Here‘s a little thing about health-insurance deductibles:
In short, the BCRA makes changes to regulations that will cause annual deductibles for individual market health plans to skyrocket — to $13,000. But other regulations set the legal limit on annual out-of-pocket spending to $10,900. This means the BCRA’s health plans could actually violate the law.

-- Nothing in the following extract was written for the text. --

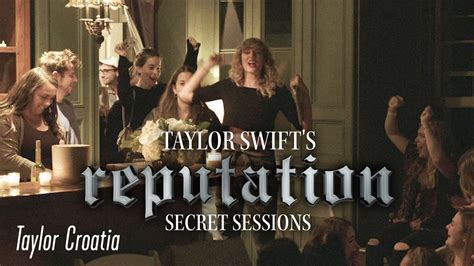 Behind The Songs On Reputation Reputation Secret Sessions Leaked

If you want to get a sense of how large a $13,000 deductible is, consider this, from the Federal Reserve:
respondents are asked how they would pay for a hypothetical emergency expense that would cost $400. Just over half (54 percent) report that they could fairly easily handle such an expense, paying for it entirely using cash, money currently in their checking/savings account, or on a credit card that they would pay in full at their next statement (collectively referred to here as “cash or its functional equivalent”). The remaining 46 percent indicate that such an expense would be more challenging to handle and that they either could not pay the expense or would borrow or sell something to do so.
[…]
among respondents who would not pay the expense in-full using cash or its functional equivalent, 38 percent would use a credit card that they pay off over time and 31 percent simply could not cover the expense.

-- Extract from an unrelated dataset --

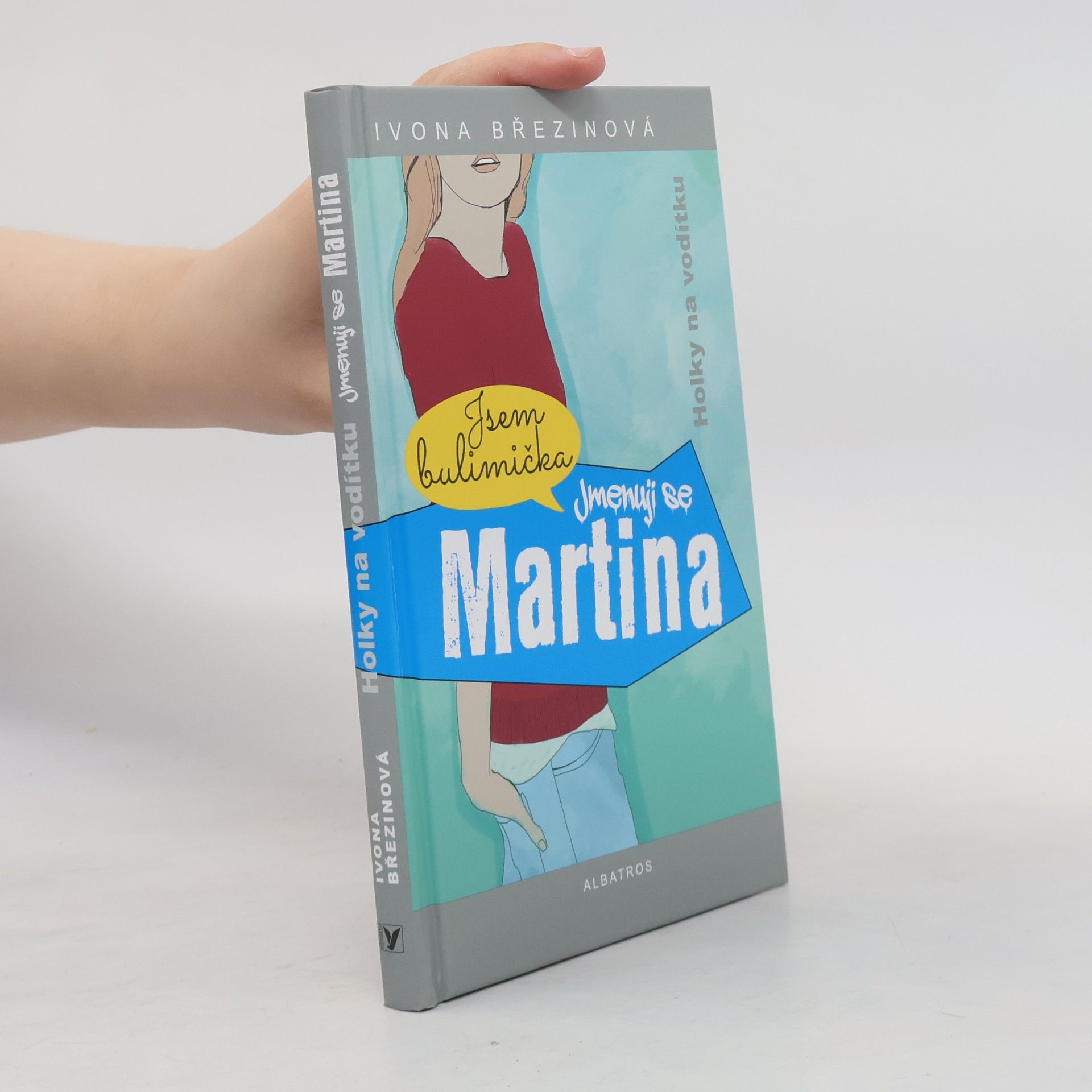 Ivona Březinová Holky na vodítku. Jmenuji se Martina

So around 1 in 7 Americans couldn’t pay a $400 expense in any way.
(There’s a BankRate survey that seems to ask a similar question, but I couldn’t identify the exact question. The Fed’s question is precisely laid out. And of course it’s a more trustworthy source.)
When people talk about how insurance ought to be only for catastrophic expenses, I hope they realize what ‘catastrophe’ entails for a lot of Americans.